Week 4

This week, we will review functions of random variables and introduce the idea of sampling distributions and Central Limit Theorem.
Published

September 12, 2022

Learning Outcomes

Monday

  • Functions of Random Variables

  • Method of Transformation

  • Method of Moment Generating Functions

  • Method of Distribution Functions

Wednesday

  • Sampling Distributions

  • Central Limit Theorem

Reading

Day Reading
Monday’s Lecture MMS: 4.7
Wednesday’s Lecture MMS: 6.1

Homework

To be announced.

Important Concepts

Functions of Random Variables

Method of Distribution Function

Let \(Y=g(X)\) be a function of a Random variable \(X\).
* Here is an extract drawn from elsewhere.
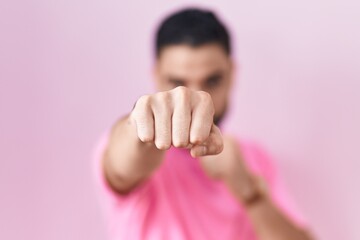 Obraz na płótnie Canvas Hispanic young man standing over pink background punching fist to fight, aggressive and angry attack, threat and violence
The density function of \(Y\) can be found with the following steps:

  1. Find the region of \(Y\) in the \(X\) space.
  2. Find the region of \(Y\leq y\)
  3. Find \(F_Y(y)=P(Y\le y)\) by integrating over the region of \(Y\le y\)
  4. Find the density function \(f_Y(y)=\frac{dF_Y(y)}{dy}\)

Method of Transformations

Let \(Y=g(X)\) be a function of a Random variable \(X\), if \(g(X)\) is either increasing or decreasing for all values of \(X\) such that \(f_X(x)>0\). Then the density function of \(Y=g(X)\) is given as

\[ f_Y(y) = f_X\{g^{-1}(y)\}\left|\frac{dh^{-1}(y)}{dy}\right| \]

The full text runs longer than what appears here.